*SUPPLIED INFORMATION:*

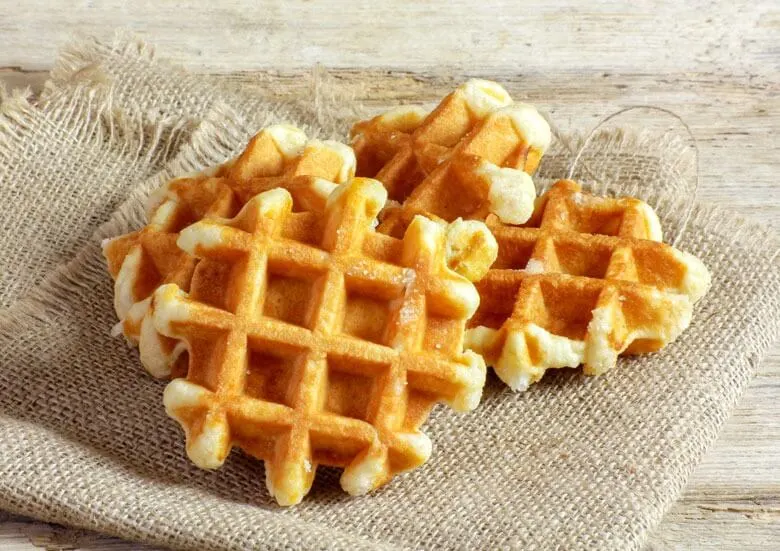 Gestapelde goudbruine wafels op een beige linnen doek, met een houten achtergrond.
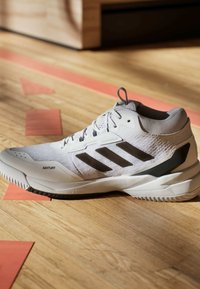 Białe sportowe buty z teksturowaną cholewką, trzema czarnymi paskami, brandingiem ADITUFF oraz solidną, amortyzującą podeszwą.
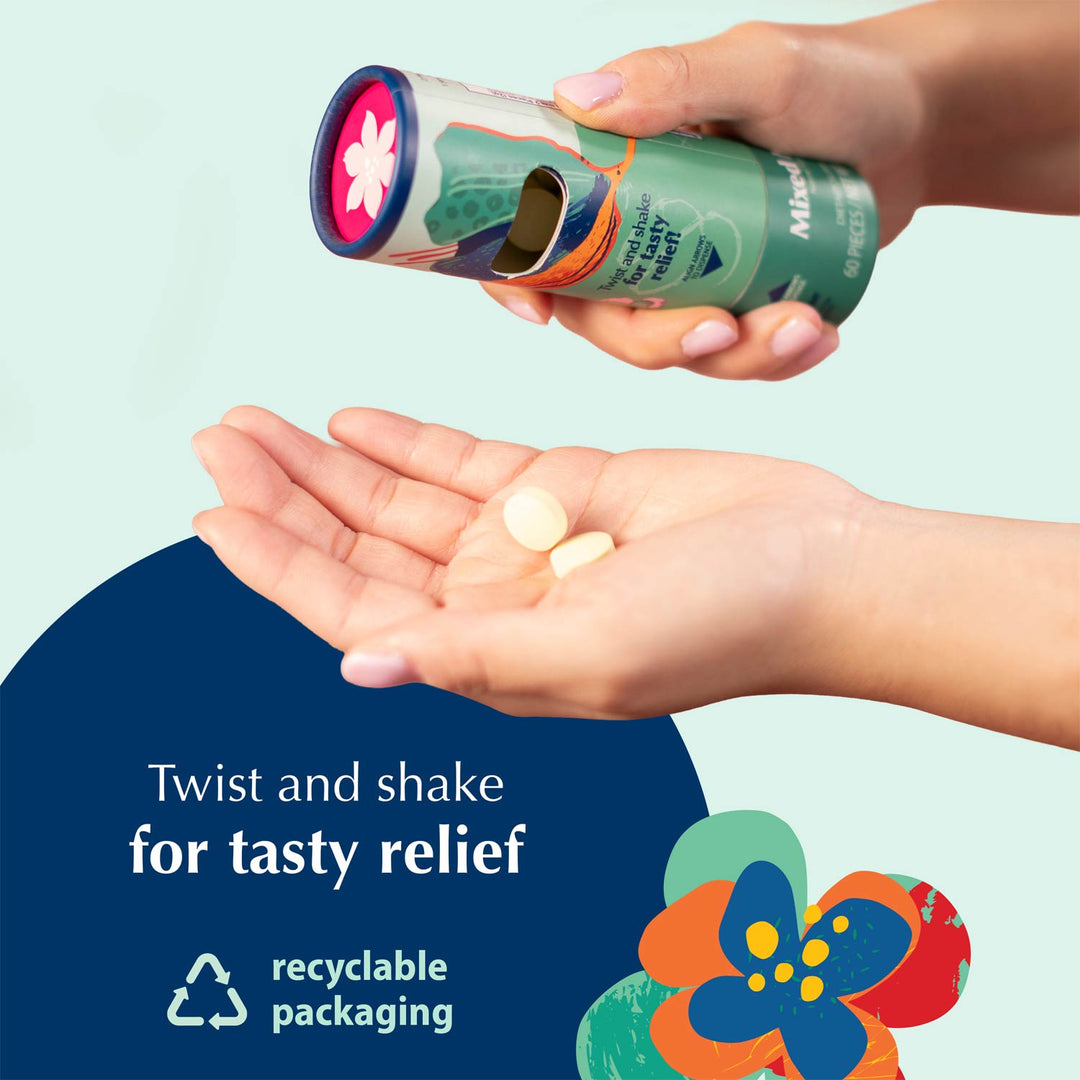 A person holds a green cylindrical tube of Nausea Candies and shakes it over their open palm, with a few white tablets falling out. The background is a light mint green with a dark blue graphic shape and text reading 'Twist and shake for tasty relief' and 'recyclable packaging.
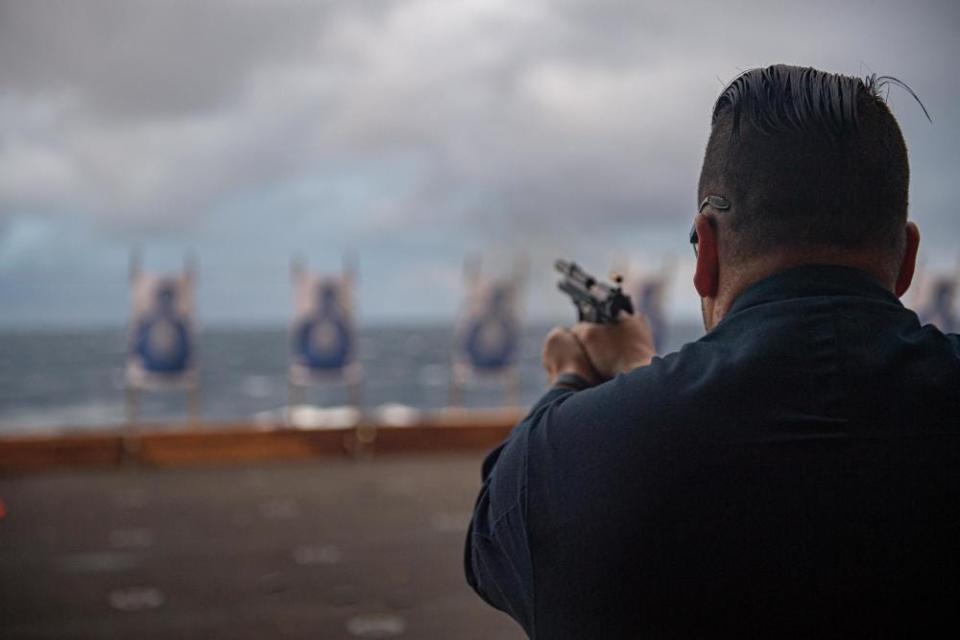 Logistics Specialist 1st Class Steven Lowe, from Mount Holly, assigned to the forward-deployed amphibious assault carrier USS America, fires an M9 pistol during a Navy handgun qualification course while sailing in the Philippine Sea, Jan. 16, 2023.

*WHAT IS BEING ASKED:* Skipping the images, write out the whole listing exactly.

*YOUR RESPONSE:*
 Gestapelde goudbruine wafels op een beige linnen doek, met een houten achtergrond.
 Białe sportowe buty z teksturowaną cholewką, trzema czarnymi paskami, brandingiem ADITUFF oraz solidną, amortyzującą podeszwą.
 A person holds a green cylindrical tube of Nausea Candies and shakes it over their open palm, with a few white tablets falling out. The background is a light mint green with a dark blue graphic shape and text reading 'Twist and shake for tasty relief' and 'recyclable packaging.
 Logistics Specialist 1st Class Steven Lowe, from Mount Holly, assigned to the forward-deployed amphibious assault carrier USS America, fires an M9 pistol during a Navy handgun qualification course while sailing in the Philippine Sea, Jan. 16, 2023.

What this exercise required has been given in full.